Zucchini soup with fresh basil and parsley

Zucchini soup with fresh basil and parsley

May 4 2021



Serves 5

Monday night soup is my favorite way to get tons of nutrients for a right start of the week!! I am making an easy zucchini soup here and just adding fresh herbs before blending together. Let me tell you that it is REALLY good!


  • 1 medium onion, chopped
  • 2 celery stalks, chopped
  • 3-4 medium zucchini
  • 1 bunch of fresh basil
  • 1 bunch of fresh parsley (both Italian and curly work here)
  • 6 cups of stock
  • Salt and pepper
  • 2-3 tbsp of olive oil


Heat up the olive oil on medium and cook the onion and celery for a couple of minutes until fragrant.

Wash the zucchini , remove the ends and roughly chop. Add to the onion and celery and keep on stirring and cooking for a little longer. Add some salt and pepper, I usually start with 1 tsp each, and add the stock.
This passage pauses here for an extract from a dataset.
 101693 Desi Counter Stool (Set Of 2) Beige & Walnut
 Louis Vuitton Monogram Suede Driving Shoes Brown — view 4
Bring to a boil, then simmer for 10-15 minutes until veggies are cooked and soft enough that you can pick a fork through it.

Transfer to a blender and add the fresh herbs and purée until smooth. Taste and adapt seasoning.

I always make extra so I have some for lunches throughout the week with a nice piece of avocado toast or something!